The NCTE, on the other hand, argued that it was acting within its statutory powers to maintain standards in teacher education. The profession of teaching, the judgment itself notes in obiter, is "the noblest of professions" — the teacher "sculpts live human beings." Strict regulation, the Council argued, was necessary to protect the quality of teacher education.
The three ratios that matter
The judgment distills the law into three clear propositions. First, under Section 14(3)(a), when a teacher education institution satisfies all prescribed requirements, the Regional Committee is mandatorily required to grant recognition. There is no discretion to refuse. Second, under Section 14(3)(b), if requirements are not met, refusal is equally mandatory — but only after recorded reasons and a prior opportunity of representation. Third, under Section 17(1), withdrawal of recognition for contravention must be preceded by a reasonable opportunity of representation and supported by recorded reasons in writing.

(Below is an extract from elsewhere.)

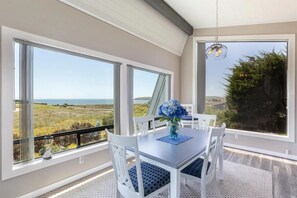 Dining - Bodega Bay Hideaway (Bodega Bay)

These are not novel propositions. They are the plain language of the statute. But the judgment gives them teeth by holding that the procedural requirements under the Regulations — the timeline, the show cause notice, the State Government consultation — are equally mandatory. A Regional Committee that ignores them acts without jurisdiction.

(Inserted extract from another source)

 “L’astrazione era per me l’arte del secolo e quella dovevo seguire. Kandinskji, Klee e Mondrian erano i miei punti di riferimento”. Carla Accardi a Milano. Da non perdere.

THE PLAY: When challenging an NCTE order, always check whether the Regional Committee complied with the mandatory timeline under Regulation 5(6) and the procedural steps under Regulation 7. If it did not, the order is vulnerable regardless of the merits.
Why this judgment matters for every TEI
For the 150+ colleges that approached the Delhi High Court, this judgment is a roadmap. It tells them exactly what the NCTE must do before it can refuse recognition, deny permission, or withdraw recognition. It tells them what procedural violations to look for. It tells them that the statutory scheme is not a suggestion — it is a command.
For advocates representing teacher education institutions, the judgment provides a checklist. Did the Regional Committee take a decision by 30 March of the succeeding year? Did it issue a show cause notice? Did it record reasons? Did it consult the State Government? If the answer to any of these questions is no, the order can be challenged.
For the NCTE and its Regional Committees, the judgment is a reminder that regulatory power is not arbitrary power. The Act and Regulations impose duties, not just rights. The Council must comply with its own procedural framework before it can take adverse action against any institution.
For founders and CFOs of teacher education institutions, the judgment offers a measure of predictability. The regulatory process is not a black box. It has rules. Those rules must be followed. If they are not, the courts will intervene.
The bottom line
The judgment in PT Prasadi Lal Kakaji Teacher Training College v. National Council for Teacher Education & Anr. holds that the NCTE and its Regional Committees must comply with the mandatory procedural requirements of the NCTE Act, 1993 and the NCTE Regulations, 2014 before refusing recognition, denying permission for new courses, or withdrawing recognition from any teacher education institution. Any order that violates these requirements is liable to be set aside.